(Stored dataset items)
——————

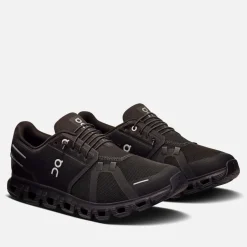Trainers|Sportswear|Dr. Martens ON Men's Cloud 6 Mesh Trainers - UK 7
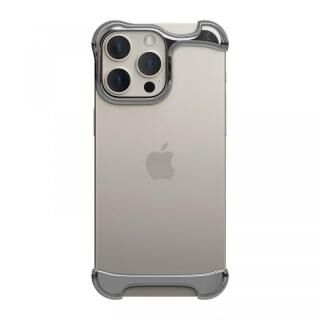 Arc Pulse for iPhone 16 Pro Max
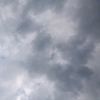 eclipse_0ff1c14l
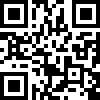 https://az.hawzahnews.com/xg2R5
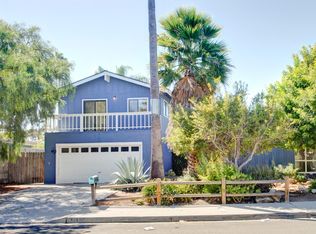 991 Camino Lindo, Goleta, CA 93117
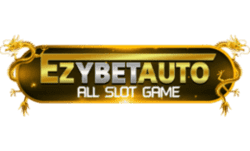 killer sudoku tips and tricks
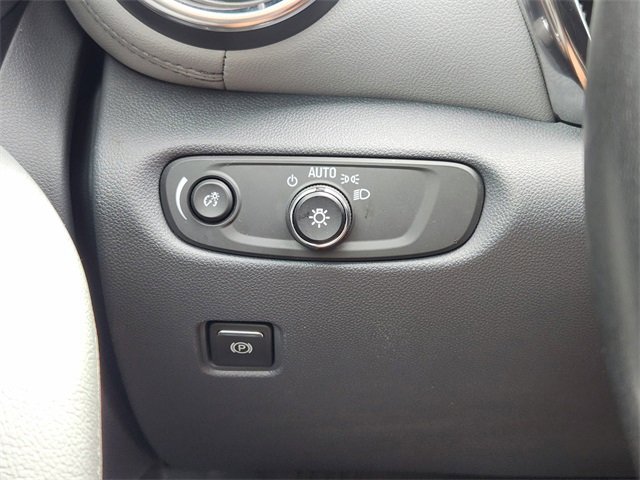car-gallery-23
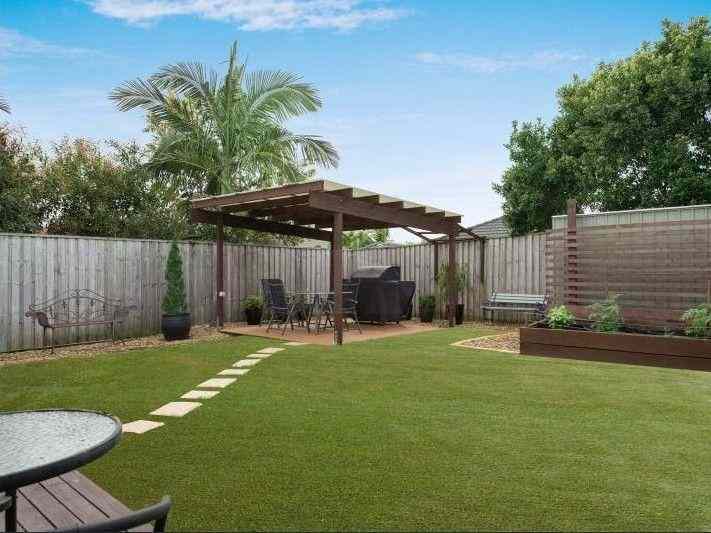 Home For Rent: QLD North Lakes, QLD 4509 House | Prop-GPT the AI-Powered Property Portal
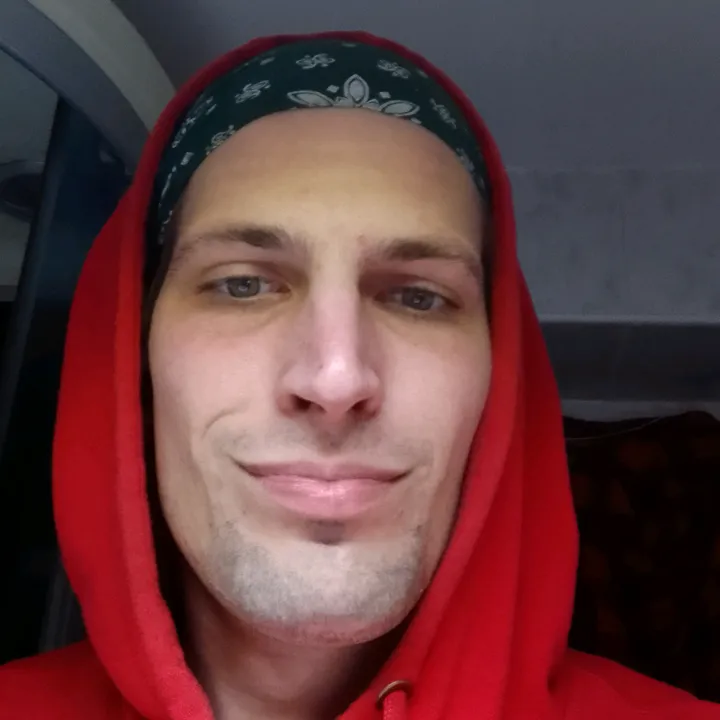 @stanislavshejbal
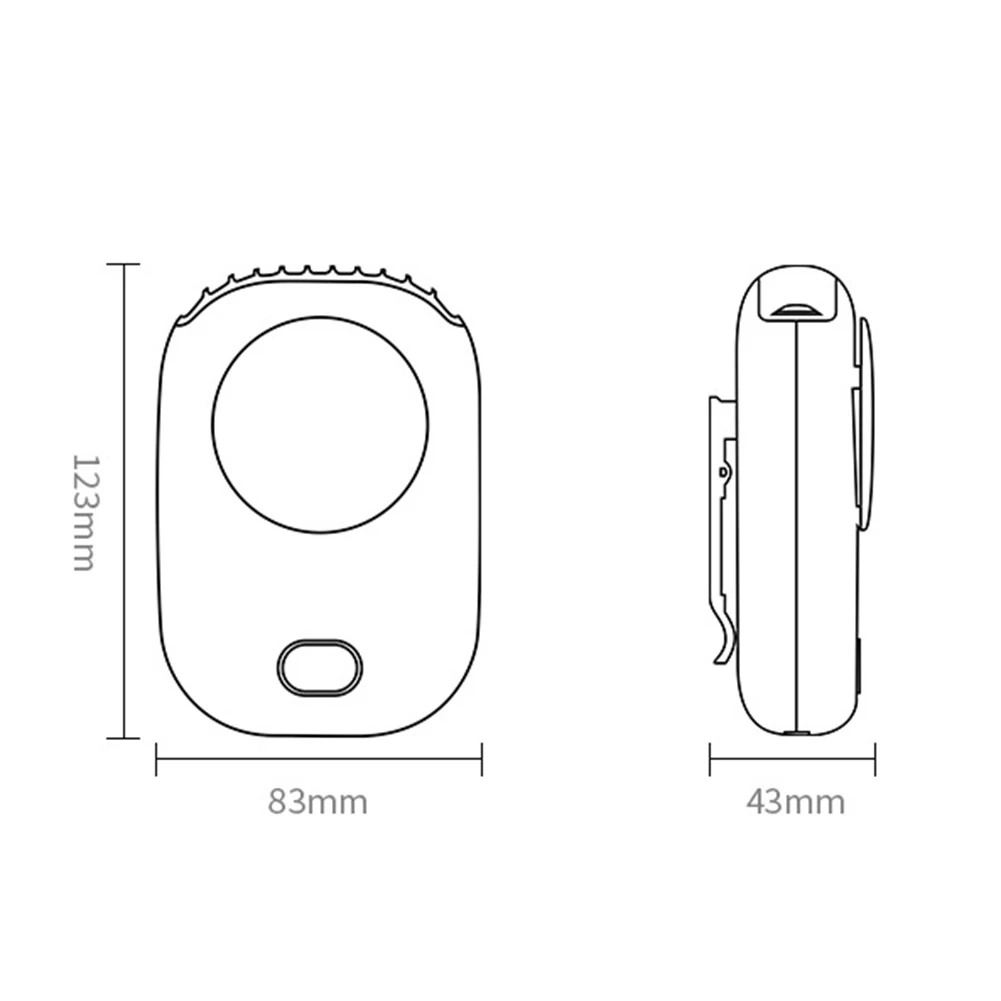 

3 USB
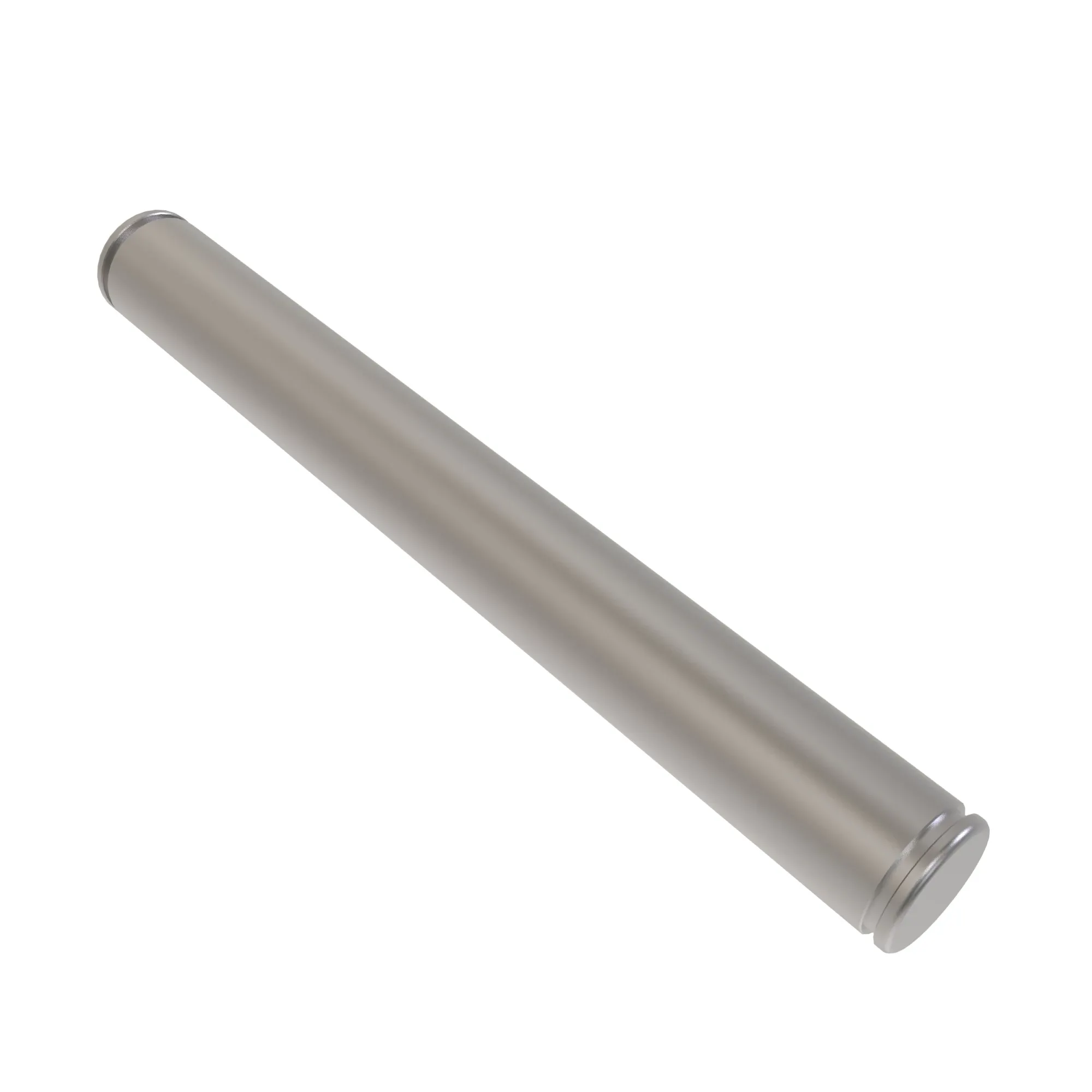 1 1/4" DRAFT TUBE PIN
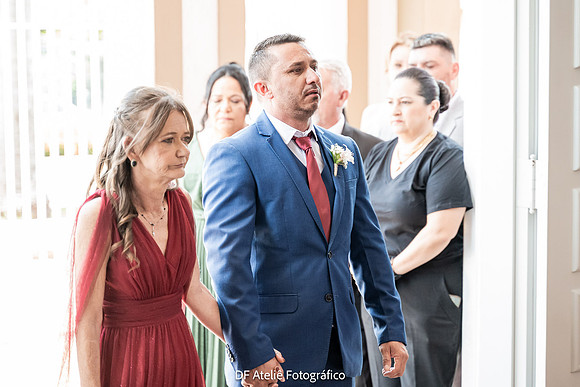 0009 - Bruna e Cícero - Casamento - DF3_0365
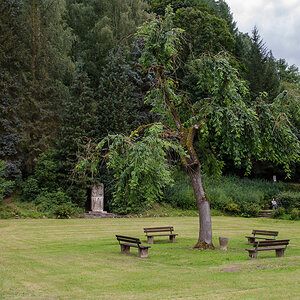 FA5_5640.jpg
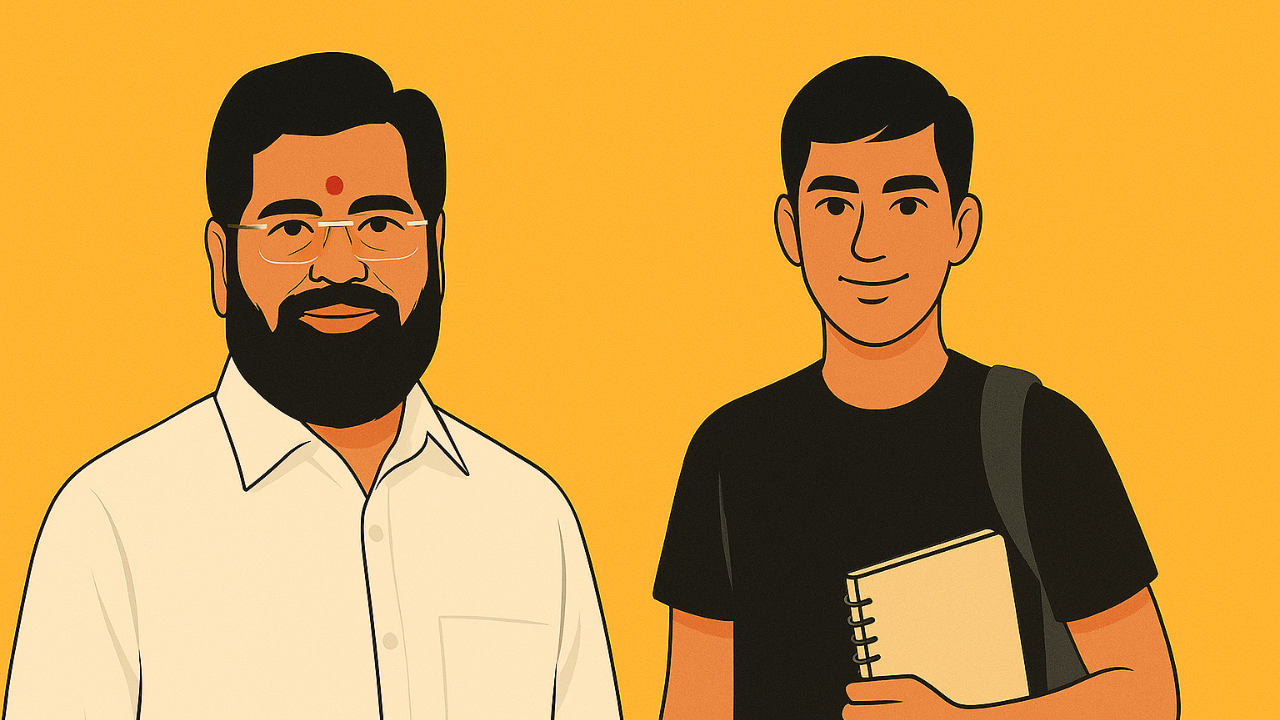Ladla Bhai Yojana 2025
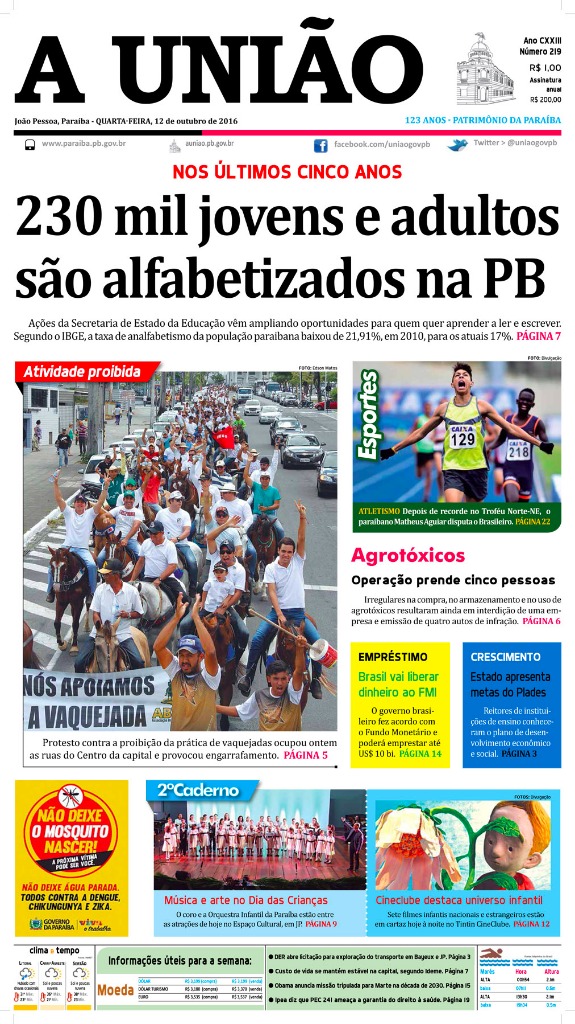 Jornal em PDF 12-10-16-1.jpg
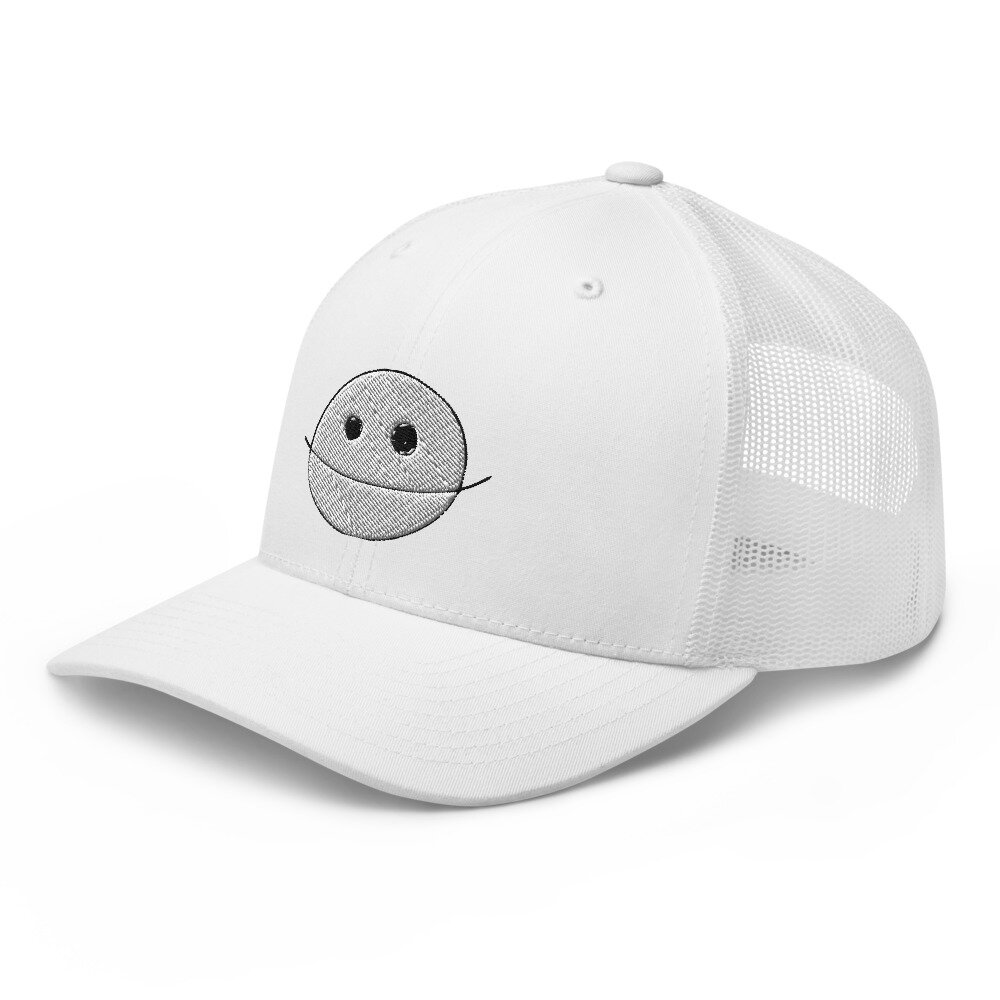 retro-trucker-hat-white-left-front-60cebce69b5e3.jpg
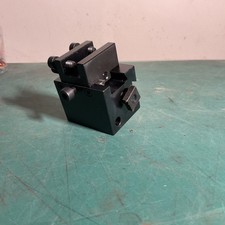 EMCO  UNIMAT 3 adjustable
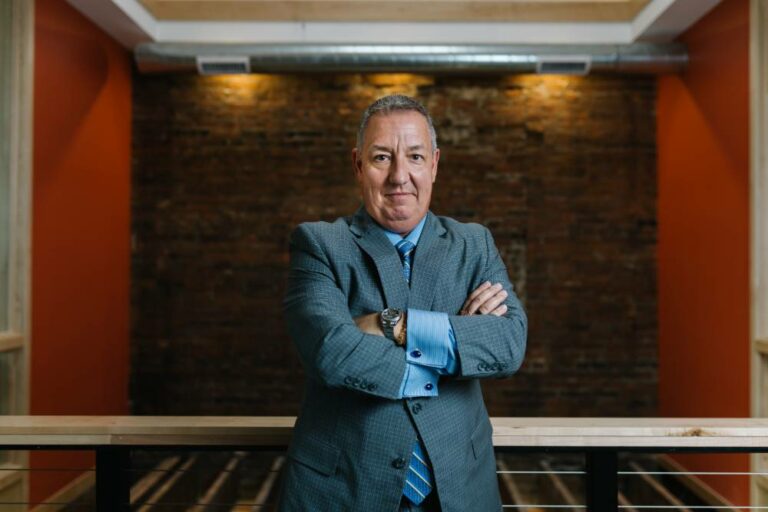 Mahoney Mahoney Hq 12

——————

**To do**
Pictures aside, return all the entries above exactly.

**Exercise solution**
Trainers|Sportswear|Dr. Martens ON Men's Cloud 6 Mesh Trainers - UK 7
 Arc Pulse for iPhone 16 Pro Max
 eclipse_0ff1c14l
 https://az.hawzahnews.com/xg2R5
 991 Camino Lindo, Goleta, CA 93117
 killer sudoku tips and tricks
car-gallery-23
 Home For Rent: QLD North Lakes, QLD 4509 House | Prop-GPT the AI-Powered Property Portal
 @stanislavshejbal

3 USB
 1 1/4" DRAFT TUBE PIN
 0009 - Bruna e Cícero - Casamento - DF3_0365
 FA5_5640.jpg
Ladla Bhai Yojana 2025
 Jornal em PDF 12-10-16-1.jpg
 retro-trucker-hat-white-left-front-60cebce69b5e3.jpg
 EMCO  UNIMAT 3 adjustable
 Mahoney Mahoney Hq 12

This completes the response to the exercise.